The required output is every entry below, copied exactly.

—————

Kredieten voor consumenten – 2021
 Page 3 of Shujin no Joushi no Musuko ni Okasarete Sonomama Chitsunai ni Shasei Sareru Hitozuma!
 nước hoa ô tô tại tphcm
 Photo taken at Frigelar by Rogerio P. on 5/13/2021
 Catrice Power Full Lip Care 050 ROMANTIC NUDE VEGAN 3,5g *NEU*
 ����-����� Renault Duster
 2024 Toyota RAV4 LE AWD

—————

EXERCISE RESPONSE ::
Kredieten voor consumenten – 2021
 Page 3 of Shujin no Joushi no Musuko ni Okasarete Sonomama Chitsunai ni Shasei Sareru Hitozuma!
 nước hoa ô tô tại tphcm
 Photo taken at Frigelar by Rogerio P. on 5/13/2021
 Catrice Power Full Lip Care 050 ROMANTIC NUDE VEGAN 3,5g *NEU*
 ����-����� Renault Duster
 2024 Toyota RAV4 LE AWD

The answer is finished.